Part of the issue, I think, is the currently available online resources are a mix of technical expertise and overeager marketing from companies who have something to sell.
If you Google “website performance” you’ll get articles on the first page of results with claims like this:
Or like this:
Is there a significant cost to you if your website performance is NOT top priority or if it doesn’t load “lightning-fast?”
I find myself distrustful of these kinds of articles because, while they may have legitimate information, it’s also in their best interest to sell me on website performance. Certainly, I couldn’t expect them to tell me when investing in performance may not actually be the best use of my money.
On the other hand, combing through the in-depth research from the likes of Google and other established sources is time-consuming and complicated, even as a member of the web industry.
And for someone without a background in web development (as you most likely are) it’s nearly impossible to make sense of it all.
So in this article, I’m doing the time-consuming and complicated dirty-work to get to the heart of website performance and how it applies to nonprofits specifically, using studies, expert research, and current best practices.

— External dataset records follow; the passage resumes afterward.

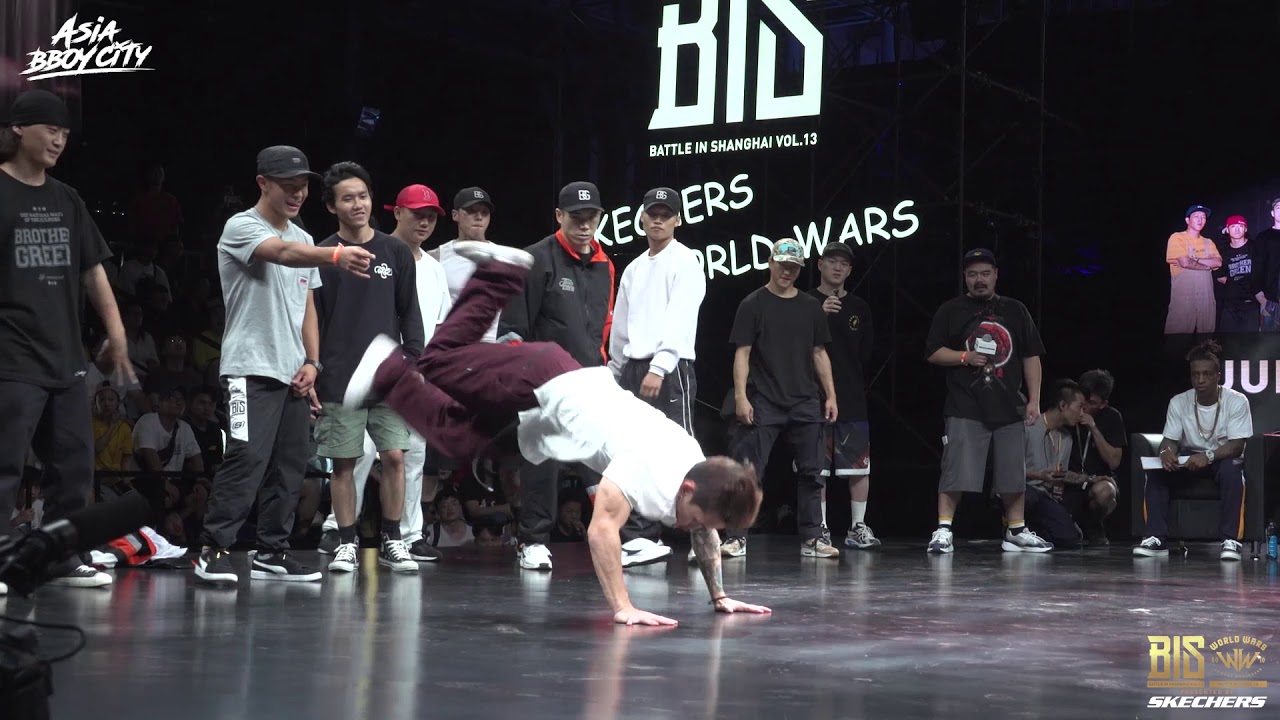 Juice Crew vs GZ Brother 84 Crew Battle BIS 2019 YouTube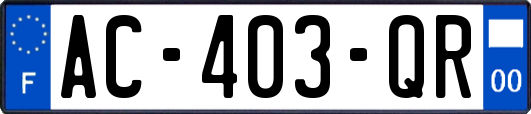AC-403-QR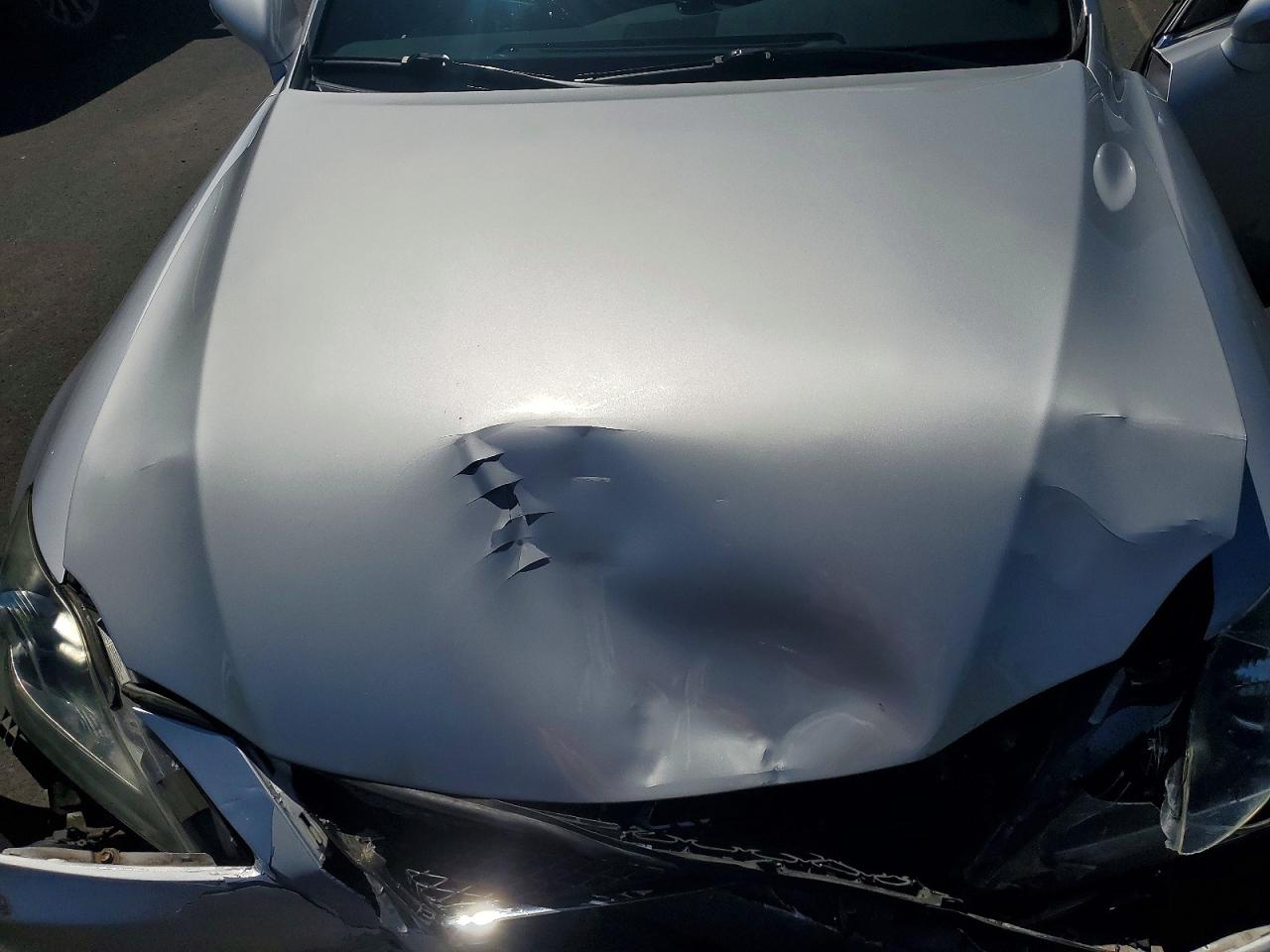2012 LEXUS IS 350C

Of course, I have to acknowledge that as the leader of a digital firm, I have the incentive to sell you on website performance too. But the honest truth is I don’t know whether website performance will be a good investment for you or not. This article, however, will help you evaluate if it may be.
Let’s start by getting at the heart of the issue—why is everyone saying that performance is important, exactly? And how are they backing this up?
Page speed and search engine rankings
One of the first claims I ran across is that page speed is a ranking factor in search results, which became the focus of this post.
This, at first glance, is true—back in 2010, Google announced that site speed is a ranking signal for desktop searches. Then, in 2018, they followed up with another announcement that they were factoring page speed into mobile search rankings as well.
So that means that improving your site speed boosts your search rankings, right?
Well, it’s a bit complicated (sorry).
In their 2010 announcement (remember, this is the first time Google mentioned anything about site speed), Google said:
Currently, fewer than 1% of search queries are affected by the site speed signal in our implementation […]
Take this with a big grain of salt because it was 10 years ago—but it’s helpful for context.
Later in 2018 when Google brought the site speed signal to mobile searches, they said:
The “Speed Update,” as we’re calling it, will only affect pages that deliver the slowest experience to users and will only affect a small percentage of queries. It applies the same standard to all pages, regardless of the technology used to build the page. The intent of the search query is still a very strong signal, so a slow page may still rank highly if it has great, relevant content.
Now, the inner workings of search rankings are only known to Google. And search ranking algorithms have fundamentally changed in the 10 years since Google’s original announcement. But based on the information given to us, we know that the slowest-loading sites will be demoted in search rankings.
So, according to Google, if your site is substantially slower than average your search engine rankings will be penalized. But will your rankings be boosted if you increase performance from average to good?
Google themselves are silent on this issue. So to answer this question, I turned to 2 studies that examined the impact of site speed on search engine rankings:
2013: Moz’s “How Website Speed Actually Impacts Search Ranking”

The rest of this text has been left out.